ENDURANCE E PASTO PRE-WORKOUT
Vi può essere una efficace relazione tra endurance e pasto pre-workout? La risposta é sì, l’alimentazione diviene, dunque, un mezzo per produrre uno stimolo allenante. Lo spiega in questo articolo la Dott.ssa Biorci, esperta nutrizionista di Trail Running Movement.
Gli allenamenti si costruiscono sostanzialmente su due variabili: durata e intensità.
In aggiunta però – allo scopo di influenzare le risposte fisiologiche e molecolari agli allenamenti – si può ragionare anche sulla disponibilità di nutrienti prima e durante l’esercizio e l’impatto che essi hanno in termini di stimoli indotti.
Premessa necessaria è il senso diverso che hanno allenamento e performance. Ci si allena con fatica e tempi spesso pessimi, per poi gareggiare con risultato. Ci si allena per stimolare l’ossidazione dei grassi, così da usarli come efficiente carburante nelle gare. Ci si allena per sviluppare nuovi mitocondri e ampliare le creste mitocondriali già esistenti, così da massimizzare la produzione di ATP e la possibilità di contrarre più a lungo.
E l’allenamento al mattino, a digiuno dalla sera precedente, lavora in queste direzioni.
I livelli di glicogeno epatico in media si dimezzano durante una notte di digiuno e l’esercizio in tali condizioni obbliga l’organismo a utilizzare i grassi. E l’attivazione di tale processo – la b-ossidazione – regola a sua volta una cascata di segnali che porta alla formazione di nuovi mitocondri.
Volendo poi intensificare l’ossidazione dei lipidi, l’allenamento andrebbe svolto non solo in condizioni di scarso glicogeno epatico (dalla notte di digiuno), ma anche di scarso glicogeno muscolare: quindi notte di digiuno, primo allenamento, solo acqua ad integrare, poi una seconda sessione di allenamento.
È abbastanza intuitivo comprendere come ciò possa però affaticare atleti abituati a sessioni di allenamento giornaliere ed intense. In particolare, l’esercizio in condizioni di digiuno notturno potrebbe portare ad un bilancio energetico negativo, associato a perdita muscolare, a disfunzioni ormonali e immunitarie.

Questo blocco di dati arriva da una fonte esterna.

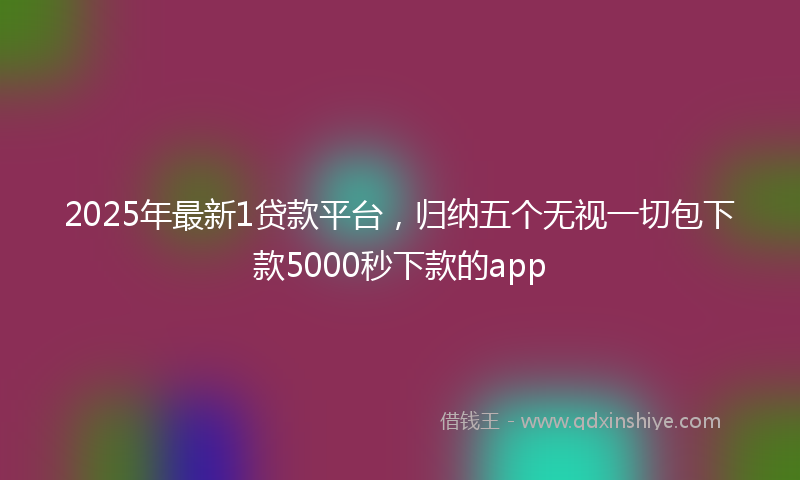 2025年最新1贷款平台，归纳五个无视一切包下款5000秒下款的app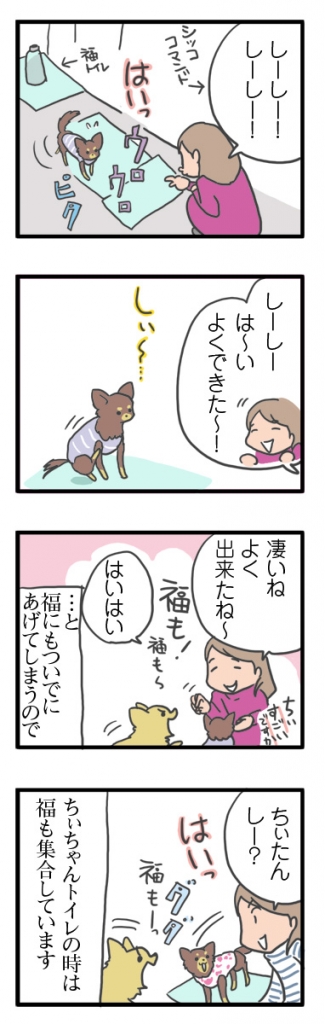 犬 チワワ 心臓病 保護犬 レスキュー ほご 捨て 多頭 小 ちぃ ちい 慣れ トイレ 引取 保健所 老犬 福 吠 シニア ペット 心臓 犬 イラスト 絵 まんが 漫画 マンガ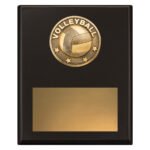 Challenge Plaque - Volleyball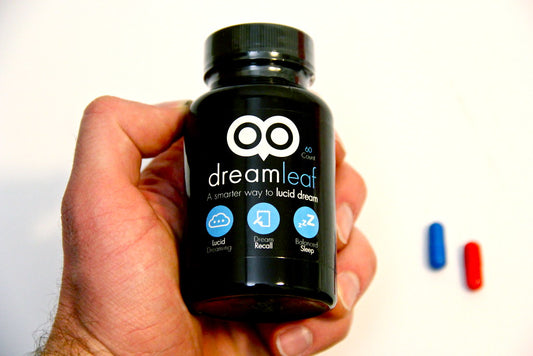 Valerian root for sleep supplement capsules on a wooden table with a small plant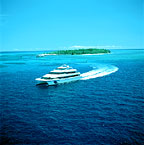 GREAT BARRIER REEF DAY TRIP FROM GREEN ISLAND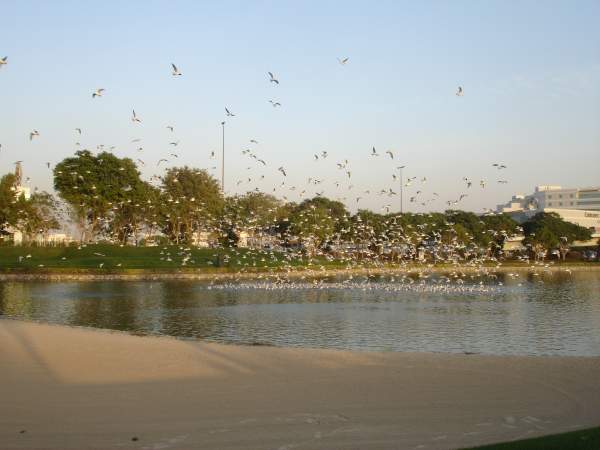 birdies-blog.jpg
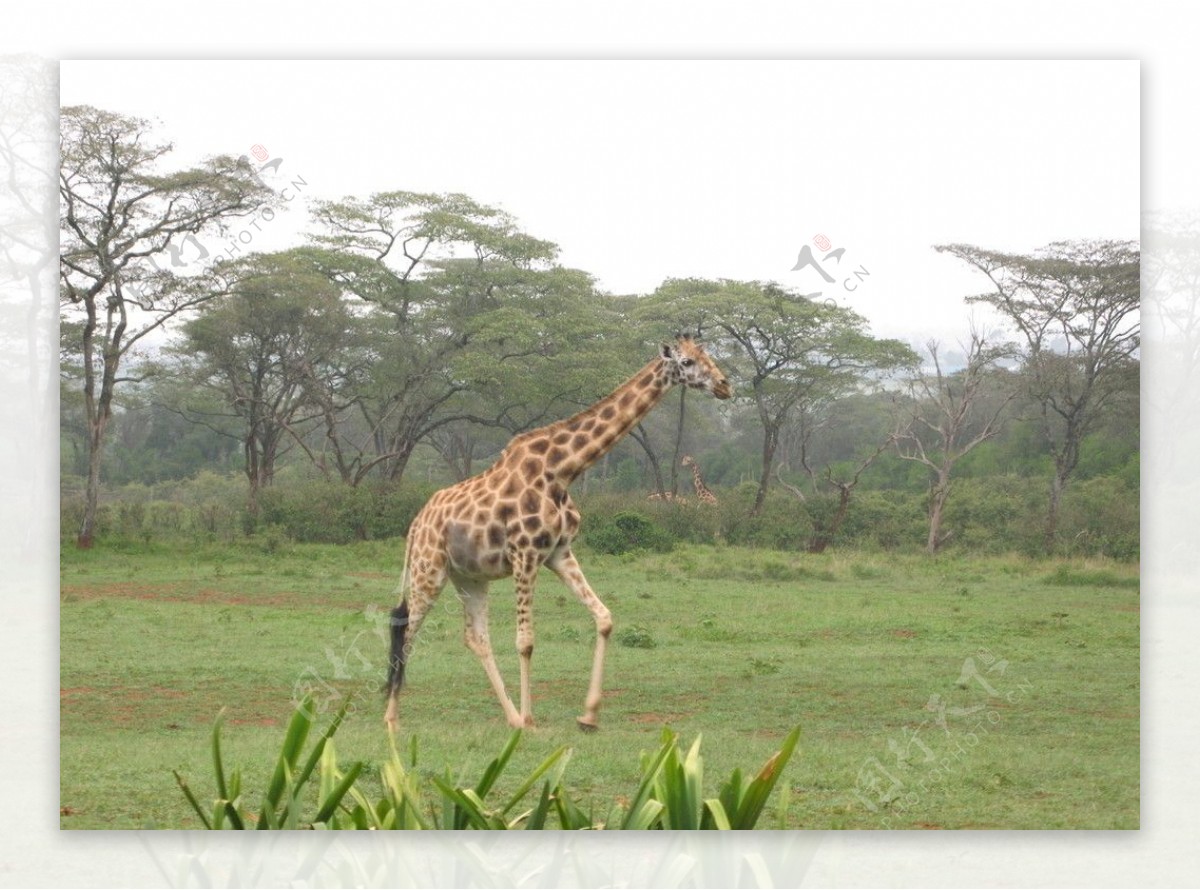 内罗毕野生动物保护区图片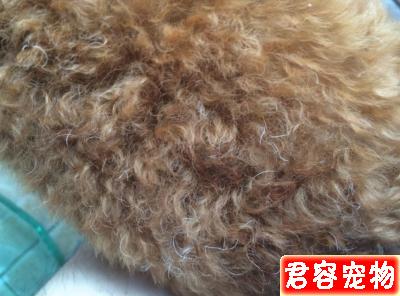 為什么泰迪犬會長白毛？6大原因分析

Per limitare tali danni, una possibilità è l’impiego di proteine nel pre-allenamento. Con i benefici sull’ossidazione dei grassi che rimarrebbero garantiti.
Oltre a stimolare l’utilizzo dei lipidi, l’allenamento va anche mirato a stimolare l’utilizzo dei carboidrati. E allora, lavorando ancora sul pasto pre-allenamento, è importante variare e effettuare sessioni con il carico di carboidrati, 3 ore prima. Così si stimola la produzione di enzimi glicolitici, utili appunto per la efficiente gestione dei carboidrati in gara.
Quindi, le attuali linee guida in materia di nutrizione sportiva suggeriscono di allenarsi sia con un’elevata disponibilità di carboidrati, al fine di migliorare l’ossidazione dei carboidrati stessi, sia con una bassa disponibilità di carboidrati per aumentare la sintesi dei mitocondri e l’ossidazione dei grassi.
In sintesi, il pre-workout potrebbe essere così razionalizzato:
Esercizi <90 minuti da bassa a moderata intensità: digiuno o 10-30g di proteine. Obiettivi: ossidazione dei grassi e adattamenti metabolici
Esercizi <90 minuti ad alta intensità: 0-75g di carboidrati e/o 10-30g di proteine. Obiettivi: sviluppo della capacità aerobica e adattamenti metabolici
Esercizi >90 minuti, da bassa a moderata intensità: 0-75g di carboidrati o 10-30g di proteine. Obiettivi: ossidazione dei grassi e adattamenti metabolici
Esercizi >90 minuti, ad alta intensità: 75-150g di carboidrati e 10-30g di proteine. Obiettivi: performance e adattamenti metabolici
Quindi alimentazione come stimolo allenante.